When I talk to other churches about their groups ministry, a question I often get is, “Do y’all take summers off?” No shade on churches that do, but at Vintage we have a different strategy for summers that I describe as both relaxed and intentional.

Relaxed

Instead of prescribing a plan for summers for all groups, we allow for flexibility in determining what will best serve your group. Most importantly, we want to use summer to enter into a relaxed season together. At Downtown, we’ve installed two months out of the year when we intentionally rest from community group gatherings (July and December). However, groups can decide to take their summer month off in June or August; the goal is simply taking four weeks off in a row every six months. But more can be added to your summer plans for relaxation. Maybe your group will host a cookout once a month, replace every other Bible discussion with a night for yard games, or meet out at a park instead of in a living room. Summer is a great excuse to change things up and have fun together, while giving yourself permission to rest from the every-week rhythm of gathering for discussion.

Intentional

While I recommend taking some time off to recoup, here’s why I don’t recommend taking the whole summer off. In community groups we want to live in the community that God has given us; we don’t have to create it, since it’s created by Jesus (Eph 2:19), but we do need to actively flesh out the ramifications of this reality. For example, with your parents and siblings you might formally constitute a family, but if you never spend any time together, talk on the phone, or act out of your love for each other then you aren’t operating according to that reality. So, as we manifest this given-yet-lived-in community, we should assess how this affects our lives holistically, from how we behave and live out our faith to how we think about things like leisure time. In the United States, summer is leisure season, which is why kids get some time away from the toil of school and parents plan vacations to get a break from work. If we take the whole summer off from our community group, what does that say about what we think about community? What does it say about the role community plays in leisure, and vice versa? Is community something like school and work that we vacation from?

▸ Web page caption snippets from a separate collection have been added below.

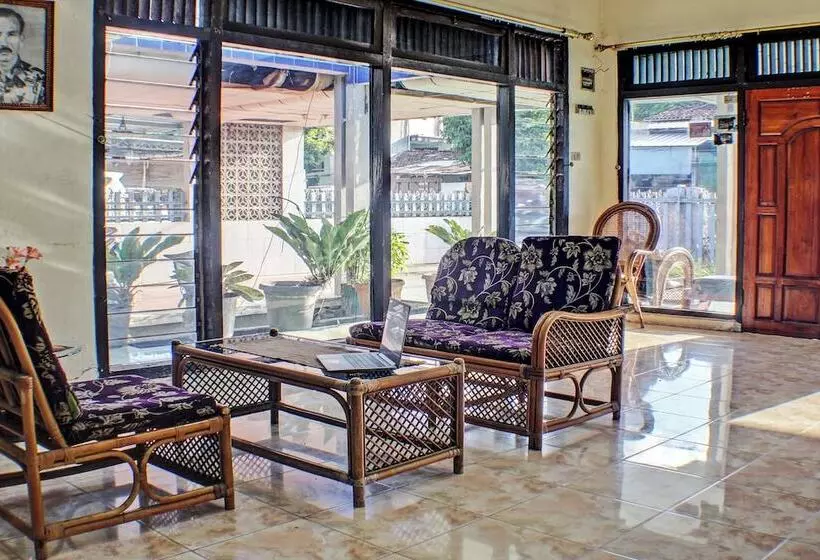 هتل Spot On 92682 Badar Guest House Syariah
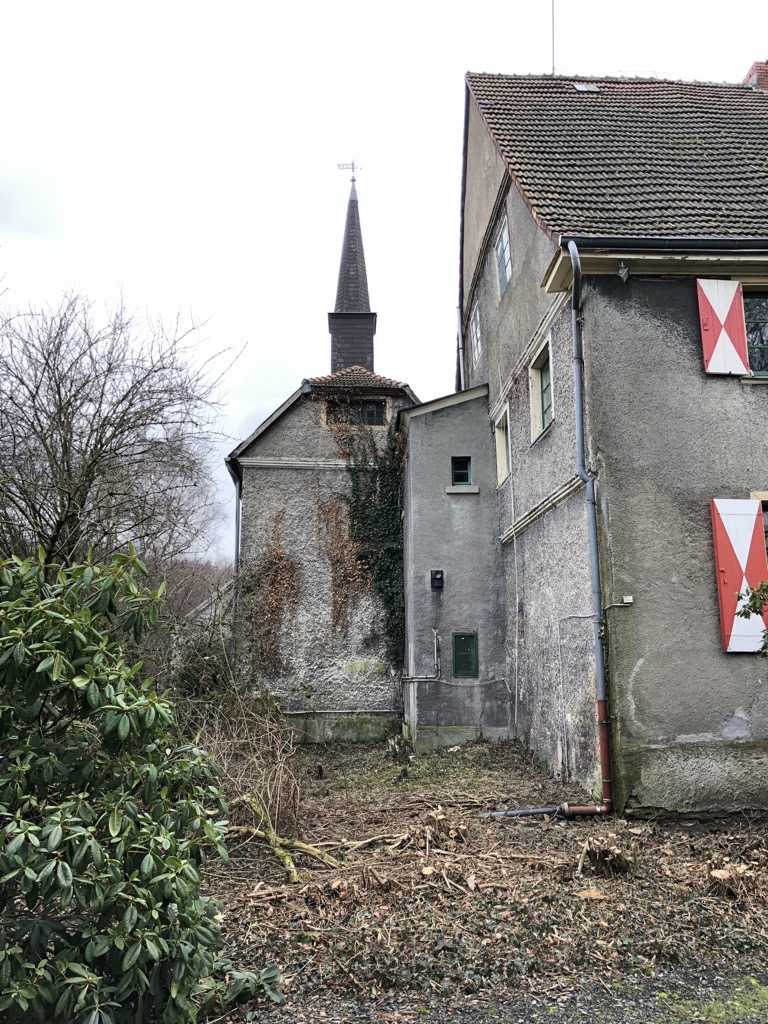 Vor der Sanierung – die Fassade wirkt stark heruntergekommen und zeigt deutliche Alterungsspuren.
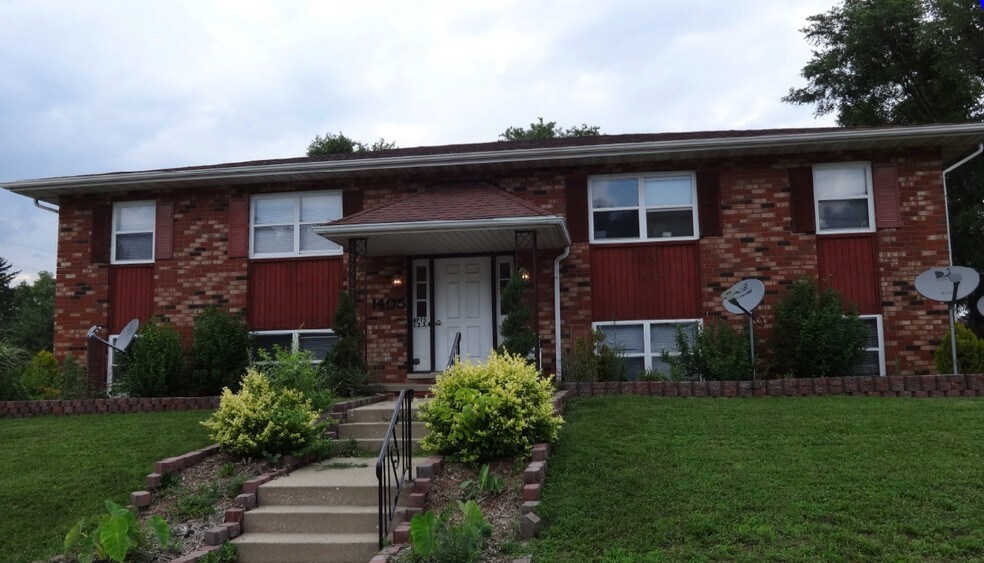 1309-1313 W Chestnut St, Chillicothe, IL for sale - Primary Photo - Image 1 of 1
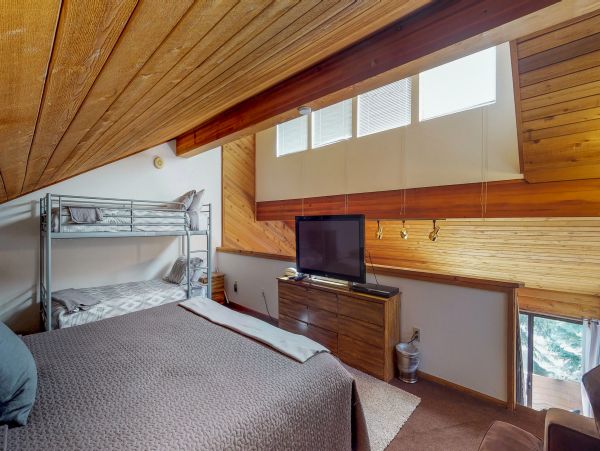 Yosemite Area Home 984692
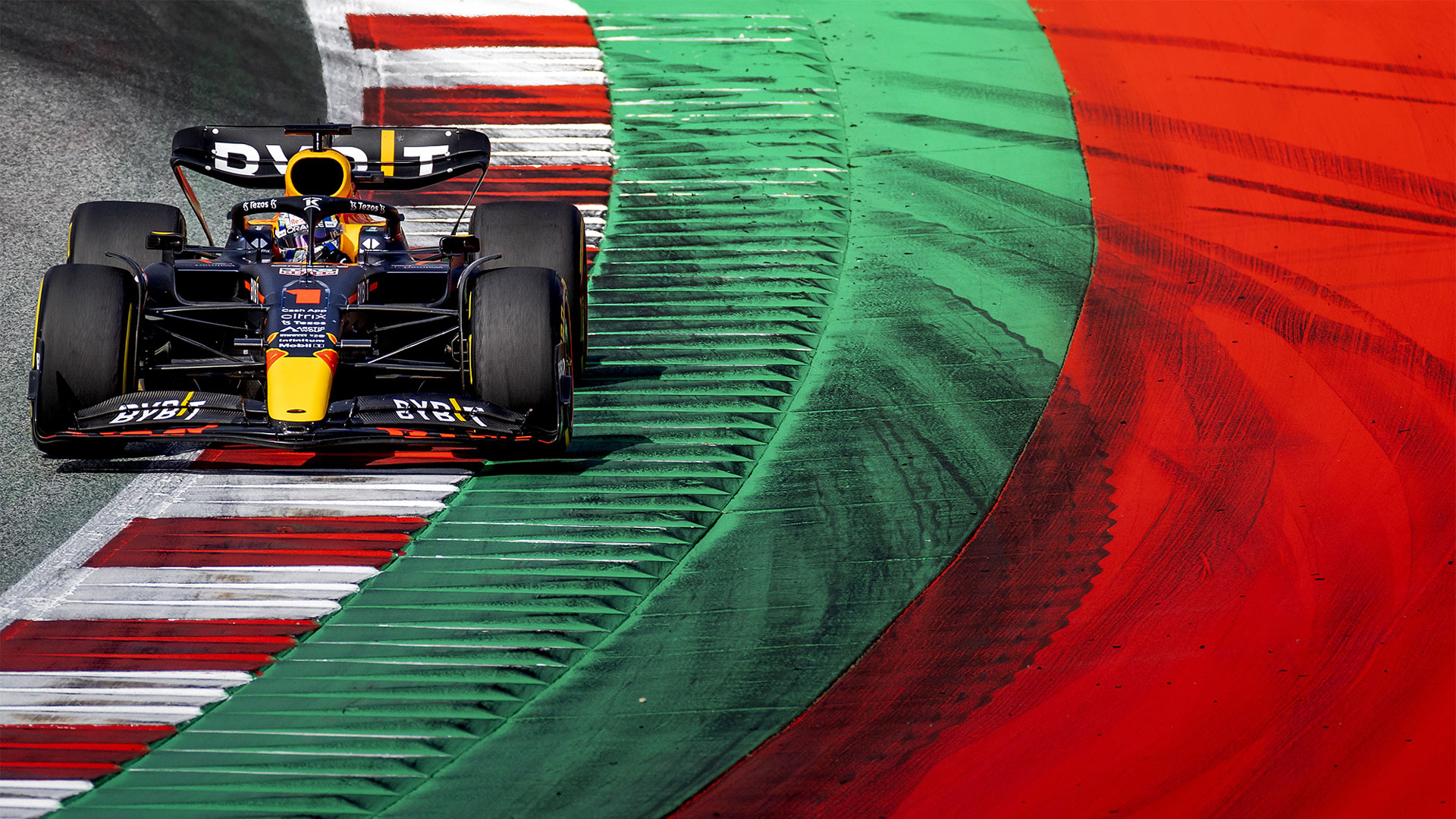 'World's best drivers need to stop complaining about F1's track limits ...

I’m not arguing against time for taking care of yourself, silence and solitude, focused time with your family or closest friends, or being an introvert. What I am arguing against is the very American notion that leisure time is my time and that rest doesn’t happen in the context of community. Instead, I think living in the given community of God’s people warrants rethinking our American notions of leisure time. That’s why at Vintage we want to use summers intentionally, being thoughtful about the decisions we make regarding our time and, specifically, what we do with our community groups. In short, taking summer off from all CG functions makes community sound a lot more like an obligation than the family of God.

Takeaway

So is taking the whole-summer off forbidden? Definitely not. If you know the relationships in your group will be maintained over summer through things like informal hangouts, discipleship relationships, or other means, then taking the whole summer off from your weekly Bible-study gathering could provide a season of refreshment while still manifesting the community of God’s people. Use summer to take time to relax in your group, while making intentional decisions that communicate to your people how to best live in God’s gift of community.

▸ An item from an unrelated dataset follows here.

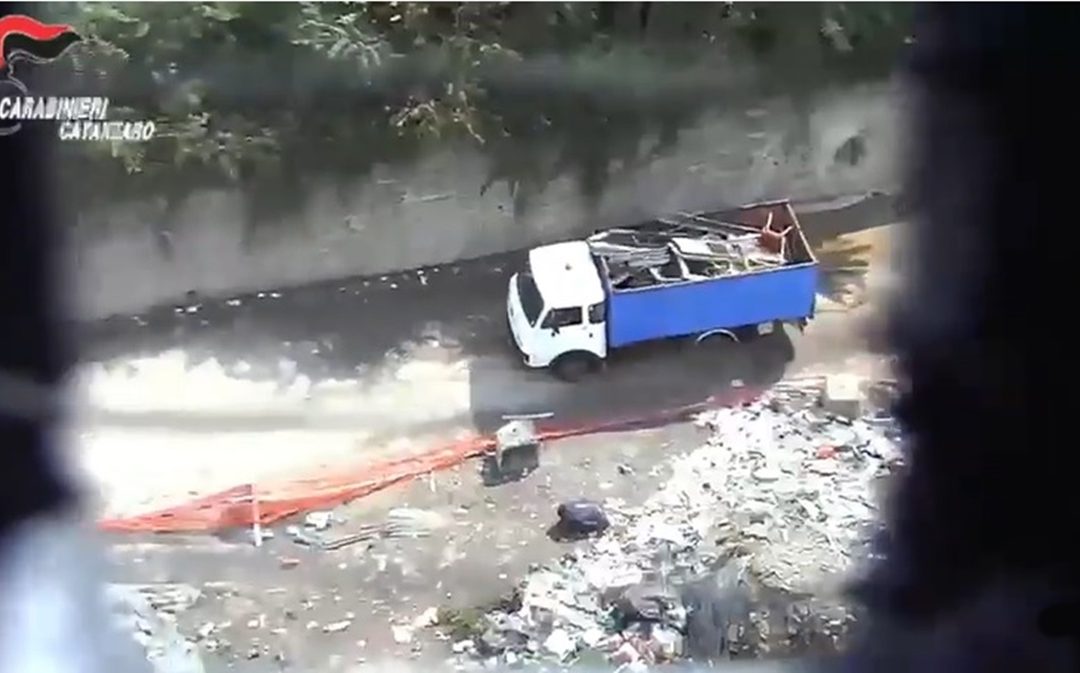 Traffico di rifiuti nel campo Rom di Scordovillo a Lamezia Terme, 29 arresti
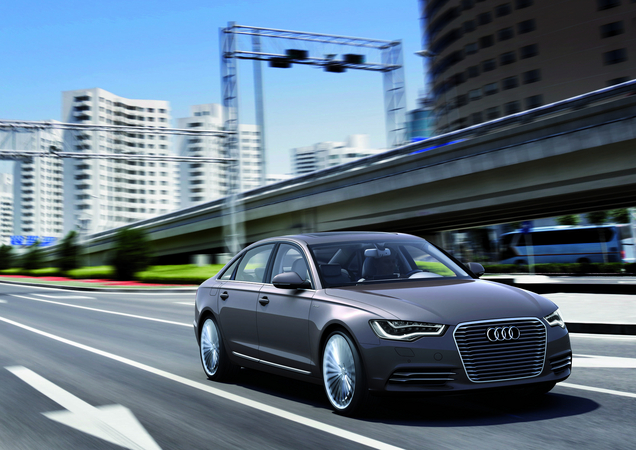 O Audi A6L E-Tron tem a mesma carroçaria e interior de um A6 base O Audi A6L E-Tron tem a mesma carroçaria e interior de um A6 base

And let’s enjoy summer in our groups whole-heartedly. Let’s relax, laugh, and have fun; let’s eat good food, go on adventures together, and let go of the legalistic notion that if we aren’t studying the Bible together then the time is wasted. But let’s also be intentional with the time we’ve been given and let go of the notion that leisure and community life are incompatible, that community is primarily a thing that drains rather than a thing that fills or a thing we make and do rather than something we be and become.